**Instructions to follow:** From the material below, set down exactly the lines that run from the one containing "Cat and Dog" to the one containing "A fan breaches", minus the pictures.

**Available records:**
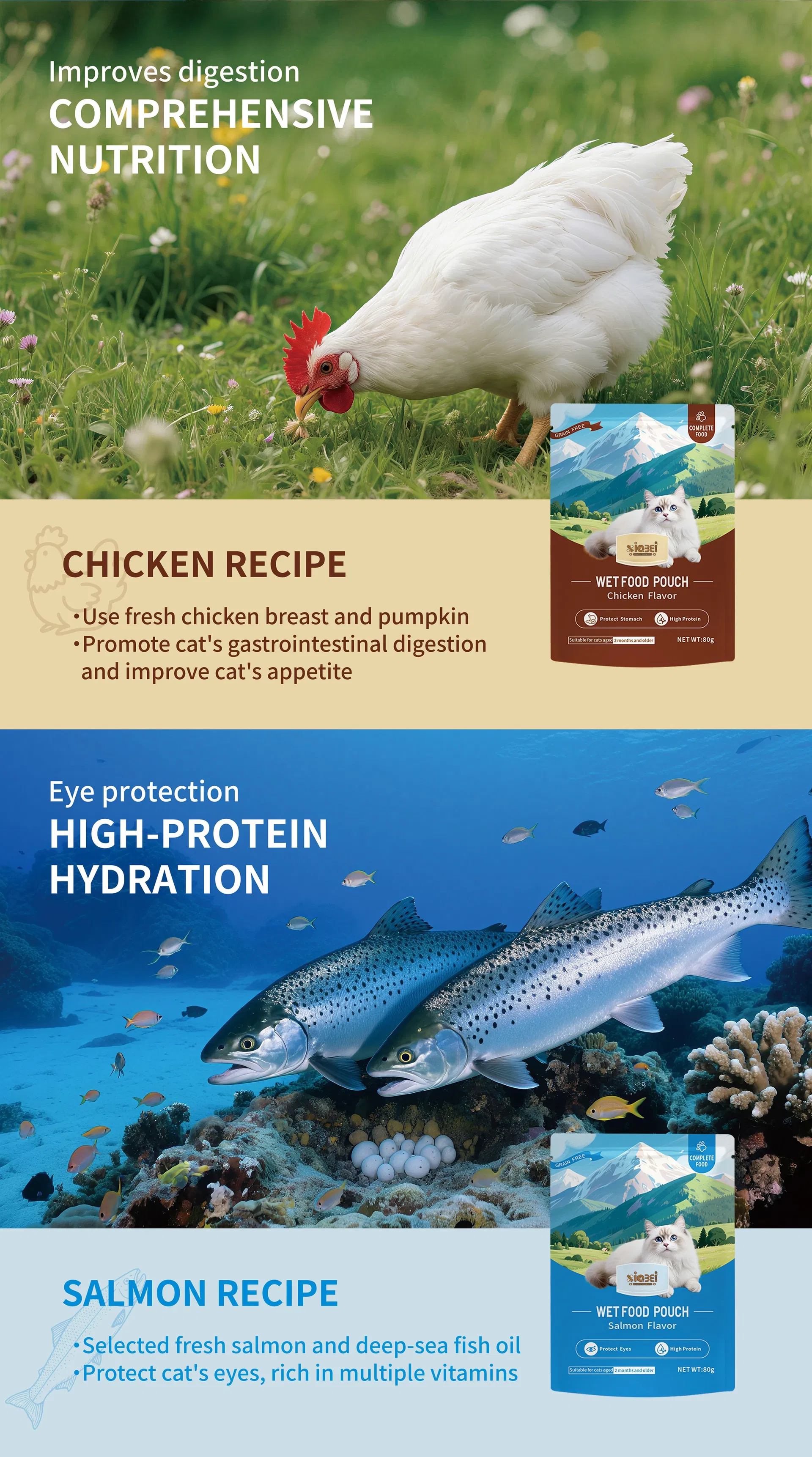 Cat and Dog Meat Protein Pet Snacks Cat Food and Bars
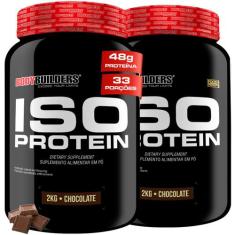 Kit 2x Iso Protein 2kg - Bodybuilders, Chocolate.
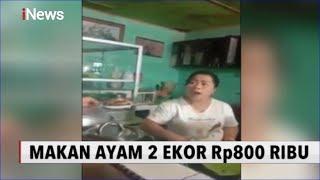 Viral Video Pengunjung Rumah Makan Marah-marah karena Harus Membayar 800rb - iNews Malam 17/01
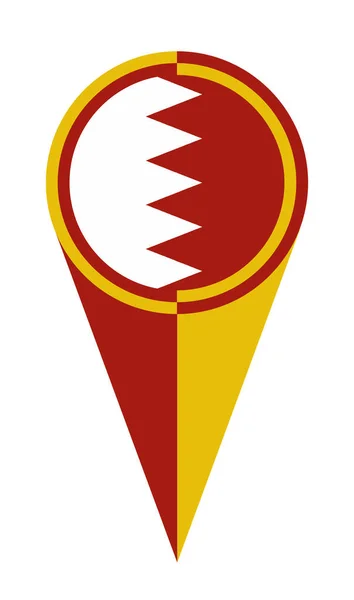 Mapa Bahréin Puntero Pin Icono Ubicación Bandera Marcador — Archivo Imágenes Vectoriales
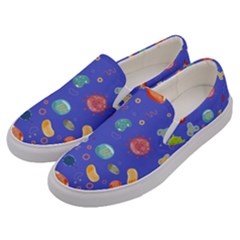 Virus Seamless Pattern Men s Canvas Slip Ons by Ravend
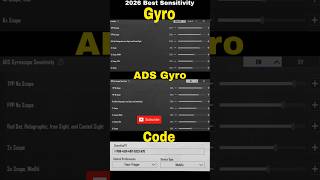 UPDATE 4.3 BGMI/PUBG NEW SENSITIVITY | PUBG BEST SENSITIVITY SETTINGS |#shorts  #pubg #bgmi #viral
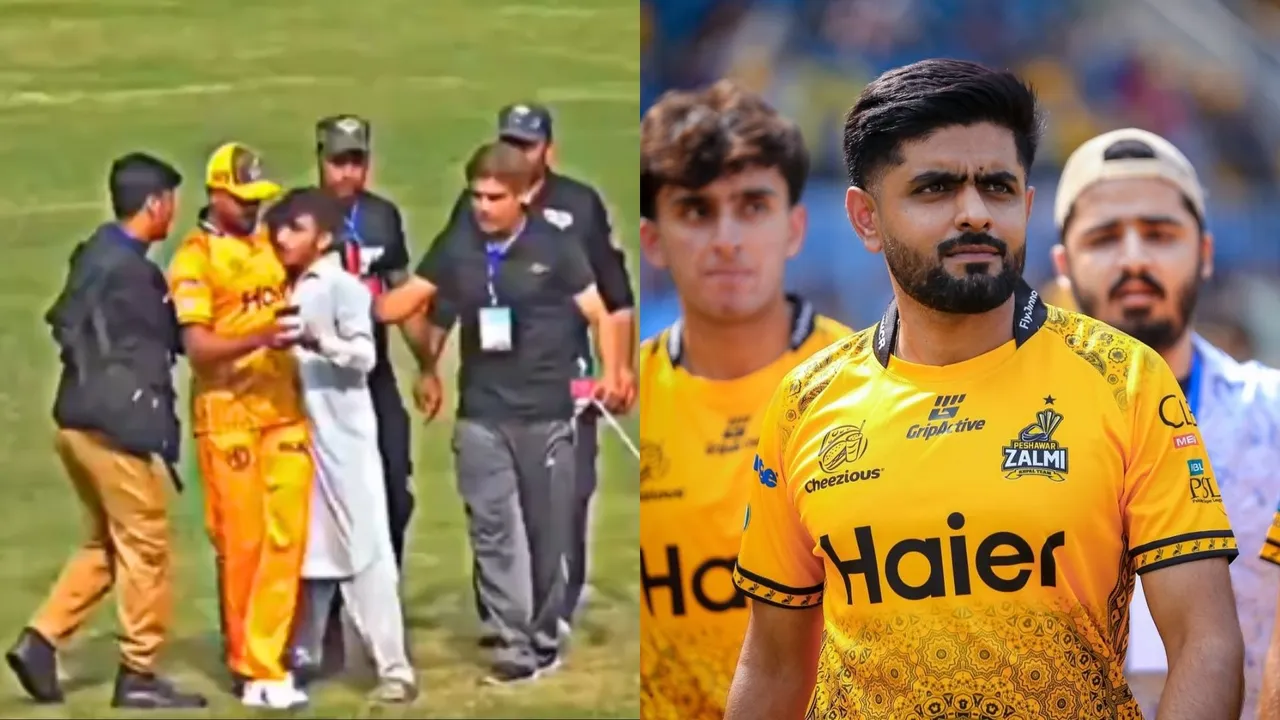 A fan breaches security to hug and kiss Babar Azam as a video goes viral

...

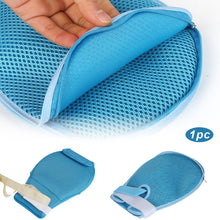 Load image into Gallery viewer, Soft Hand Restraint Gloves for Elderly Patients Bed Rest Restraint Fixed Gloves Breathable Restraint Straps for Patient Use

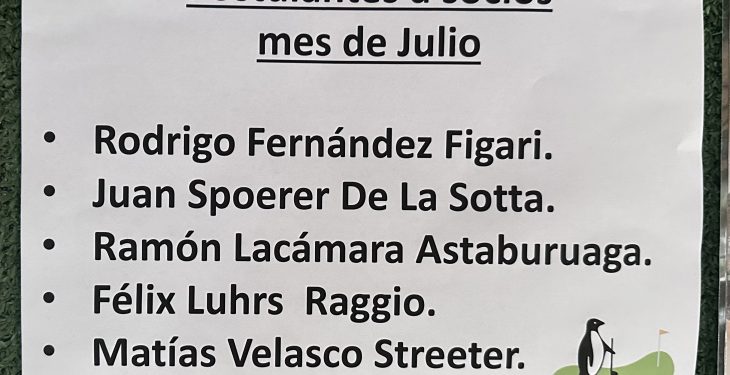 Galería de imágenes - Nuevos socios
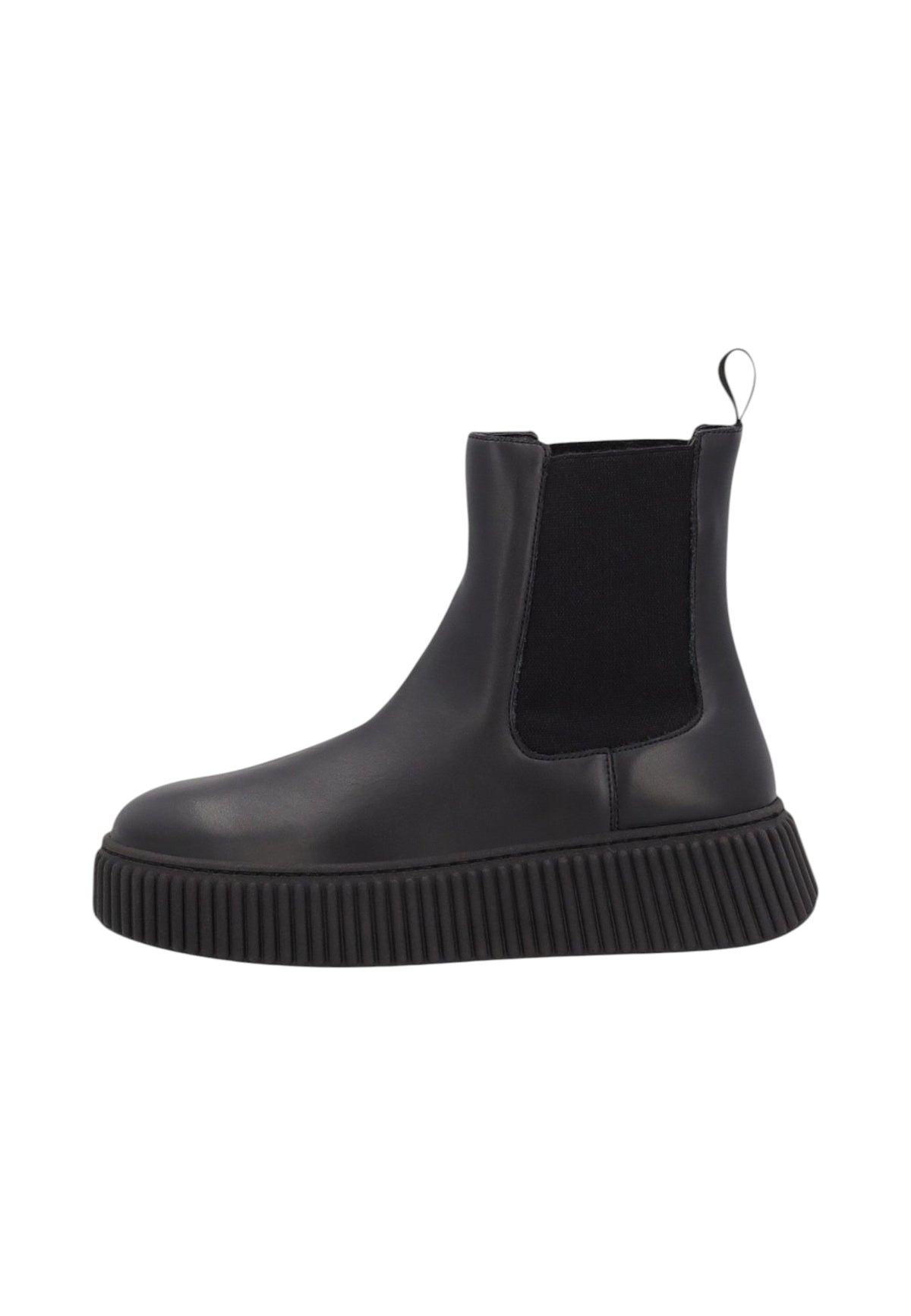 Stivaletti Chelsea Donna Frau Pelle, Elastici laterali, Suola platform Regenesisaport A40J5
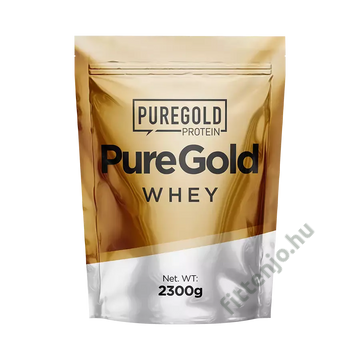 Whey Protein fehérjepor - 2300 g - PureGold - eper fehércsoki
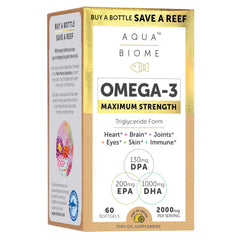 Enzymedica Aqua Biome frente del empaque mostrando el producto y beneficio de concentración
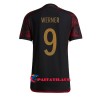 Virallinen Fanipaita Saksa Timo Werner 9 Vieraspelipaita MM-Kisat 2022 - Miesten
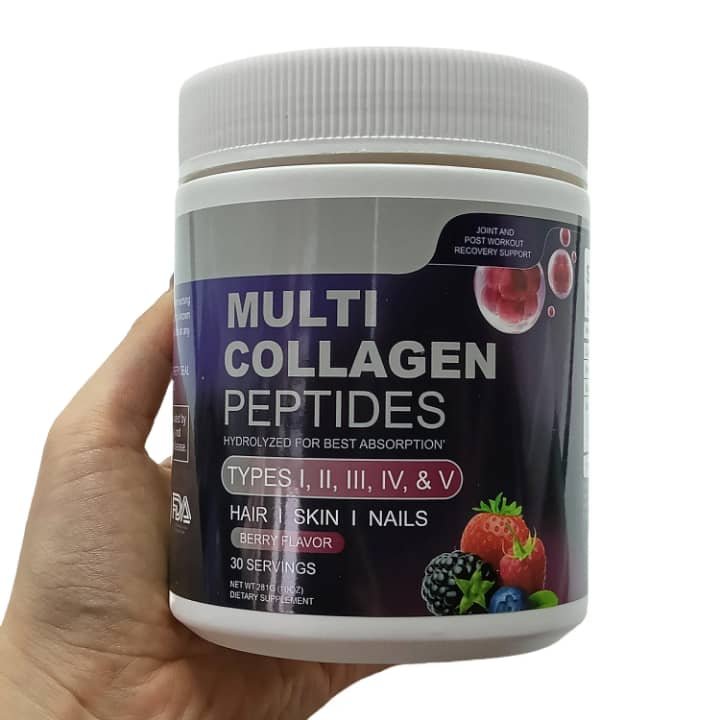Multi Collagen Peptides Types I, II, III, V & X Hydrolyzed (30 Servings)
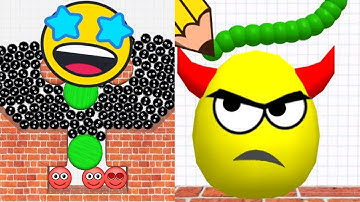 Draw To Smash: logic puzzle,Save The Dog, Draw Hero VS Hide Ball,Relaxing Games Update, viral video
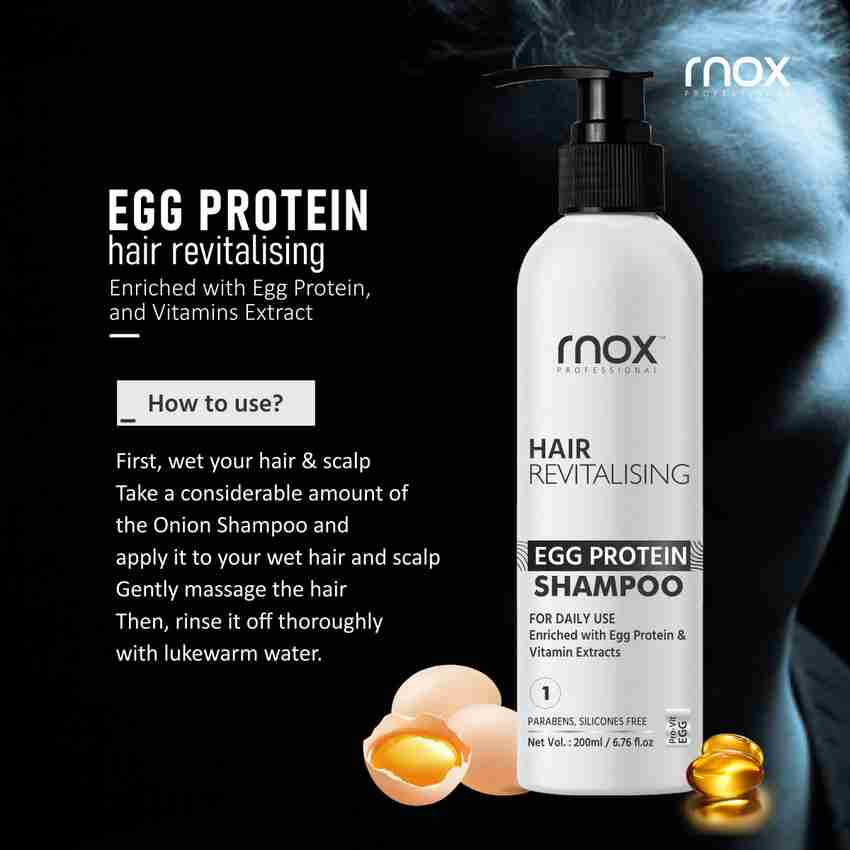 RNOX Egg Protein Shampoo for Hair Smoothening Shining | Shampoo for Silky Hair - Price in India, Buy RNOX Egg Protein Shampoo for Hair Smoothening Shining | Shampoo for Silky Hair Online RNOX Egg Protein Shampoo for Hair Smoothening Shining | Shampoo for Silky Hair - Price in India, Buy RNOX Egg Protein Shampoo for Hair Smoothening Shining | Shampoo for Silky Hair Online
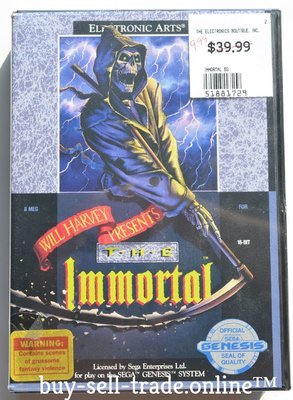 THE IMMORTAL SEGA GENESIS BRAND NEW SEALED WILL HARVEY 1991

**Response to this task:**
 Cat and Dog Meat Protein Pet Snacks Cat Food and Bars
 Kit 2x Iso Protein 2kg - Bodybuilders, Chocolate.
 Viral Video Pengunjung Rumah Makan Marah-marah karena Harus Membayar 800rb - iNews Malam 17/01
 Mapa Bahréin Puntero Pin Icono Ubicación Bandera Marcador — Archivo Imágenes Vectoriales
 Virus Seamless Pattern Men s Canvas Slip Ons by Ravend
 UPDATE 4.3 BGMI/PUBG NEW SENSITIVITY | PUBG BEST SENSITIVITY SETTINGS |#shorts  #pubg #bgmi #viral
 A fan breaches security to hug and kiss Babar Azam as a video goes viral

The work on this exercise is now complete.